Goal of the exercise: Copy exactly every line below, from the first through the one that contains "Bike Bicycle Rims", and skip all pictures.

Dataset excerpt:
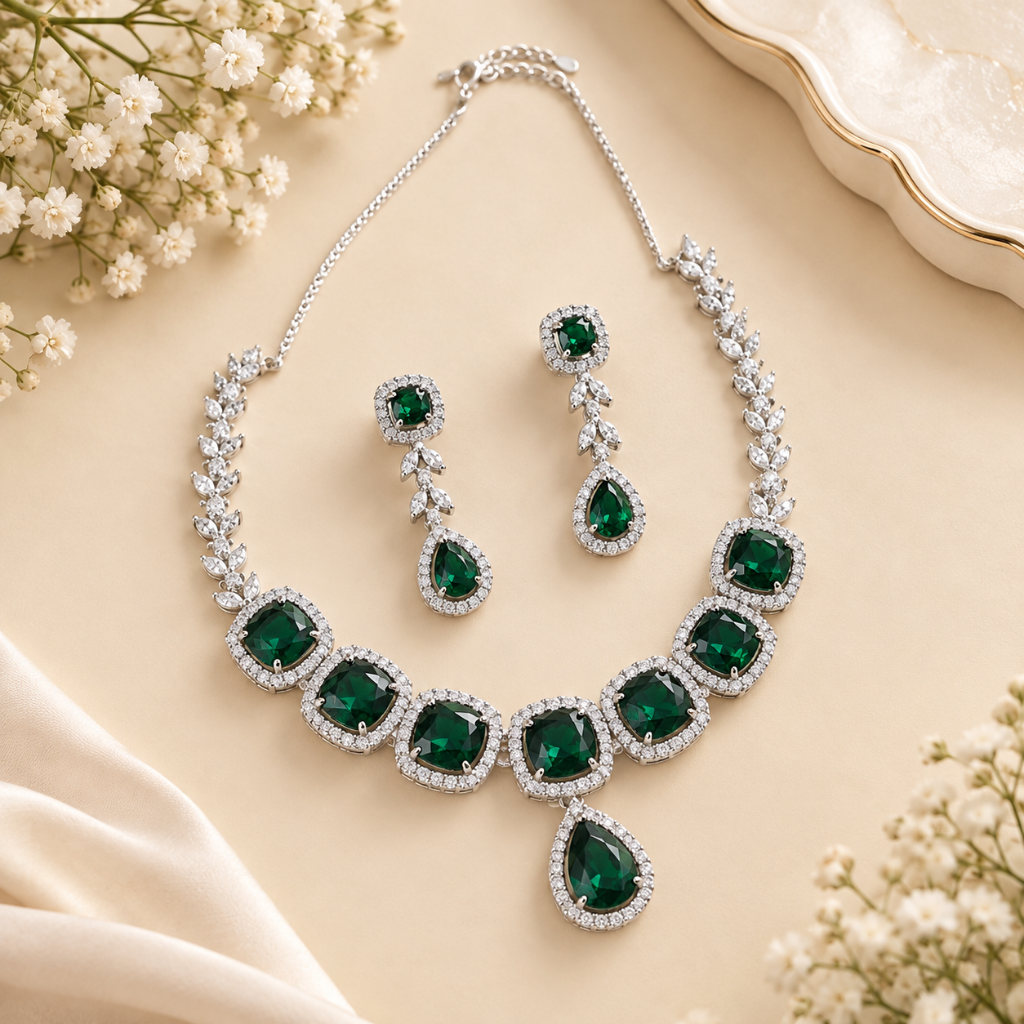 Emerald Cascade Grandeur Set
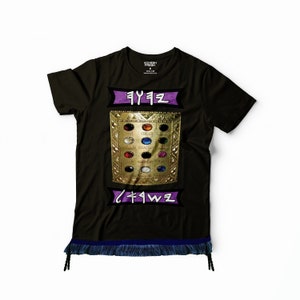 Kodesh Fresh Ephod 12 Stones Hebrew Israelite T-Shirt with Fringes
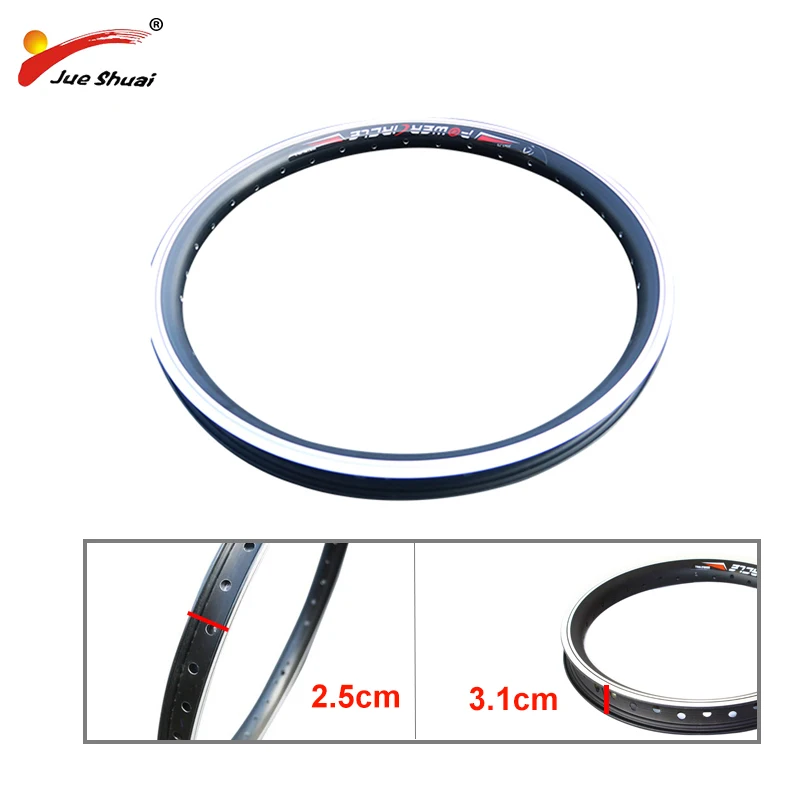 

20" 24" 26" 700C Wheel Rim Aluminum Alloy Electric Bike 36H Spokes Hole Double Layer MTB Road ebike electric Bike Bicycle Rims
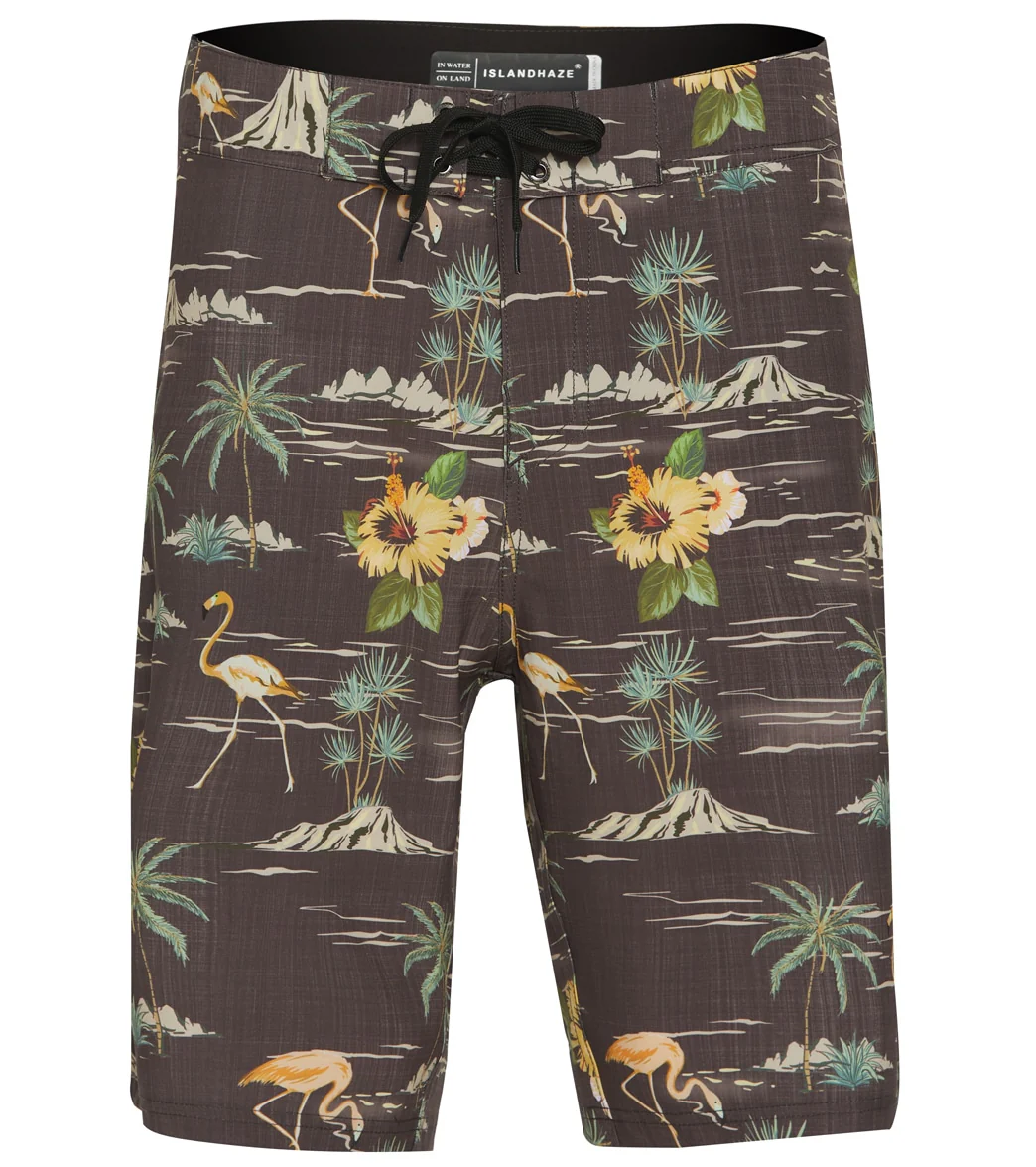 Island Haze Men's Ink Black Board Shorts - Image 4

Solution to the problem:
 Emerald Cascade Grandeur Set
 Kodesh Fresh Ephod 12 Stones Hebrew Israelite T-Shirt with Fringes

20" 24" 26" 700C Wheel Rim Aluminum Alloy Electric Bike 36H Spokes Hole Double Layer MTB Road ebike electric Bike Bicycle Rims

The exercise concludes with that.